That was when two things happened. The first thing that happened was my realizing that in this situation, I had the power. They weren't going to ask me if I was qualified, because they were too terrified that they weren't. The second thing that happened was I fell in love. You know the bolt-of-lightning fairy-tale movie kind of love at first sight? Yeah. That was pretty much exactly what happened to me with teaching. Because I had the power, and that meant I could give it to them.

Reading bell hooks's Teaching to Transgress: Education as the Practice of Freedom was like having a conversation with someone who keeps saying what I was about to say, leaving me with not much to do other than holler "Word!" with the occasional fist-bump or high-five. While hooks draws heavily on Freire's work—much of which certainly resonated with me—her interpretation and discussion of it was easier for me to connect to my own personal experience, as she discussed being a black woman in feminist classrooms and helping people find their voices.

There is a passage in which hooks explains that after a discussion in a restaurant, a black woman "who hesitated before she entered the conversation because she was unsure about whether or not she could convey the complexity of her thought" came up and "[shared] that the conversation…enabled her to give voice to feelings and ideas she had always 'kept' to herself" (72).

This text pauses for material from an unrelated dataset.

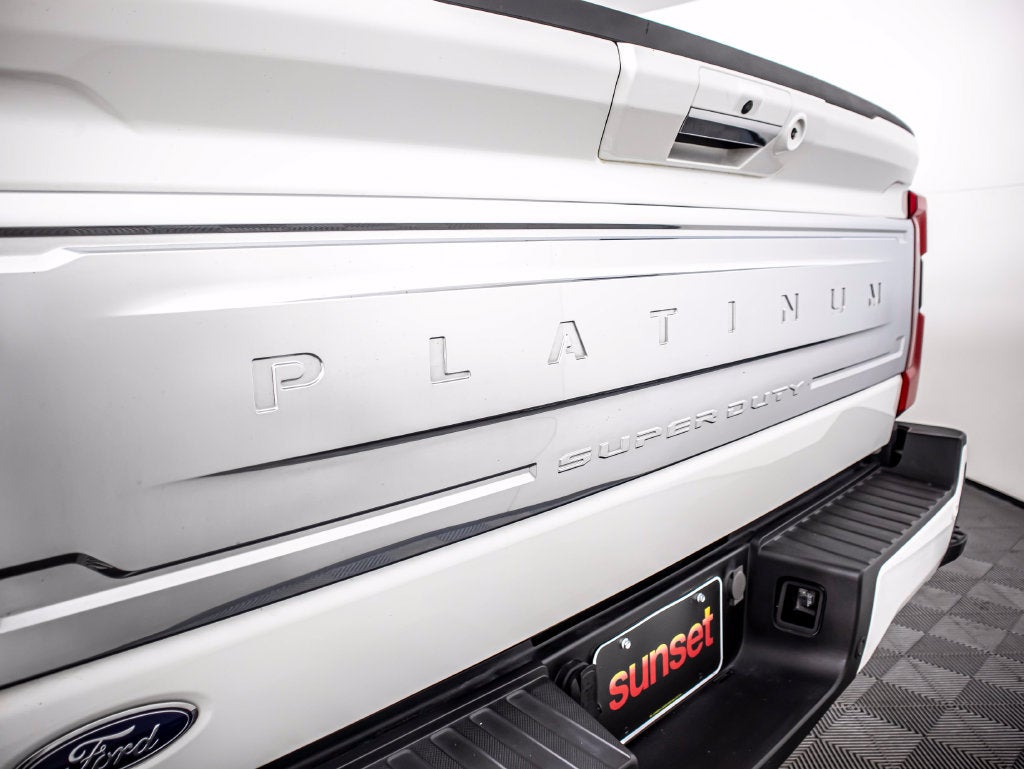 2024 Ford F-350 SD Platinum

I think for most of us, this is our teaching ideal: A student (whether formally or informally a student) says, "You made a difference." And yet, it's not always so simple.

Making a difference doesn't always make people happier.

In "Pedagogies of Difference, Race, and Representation: Film as a Site of Translation and Politics," from Pedagogies of Difference: Rethinking Education for Social Change, the primary argument that Henry Giroux makes is that multicultural education and cultural critique must function together to be genuinely meaningful. We cannot teach students to decode the texts of culture without also teaching them "how material relations of power work to sustain structures of inequality and exploitation" (88). Identifying some of the stereotypes and meanings and ideological representations in cultural texts is not the end, nor are these meanings simply a reflection or hint as to what the "real world" is like. They constitute the social world.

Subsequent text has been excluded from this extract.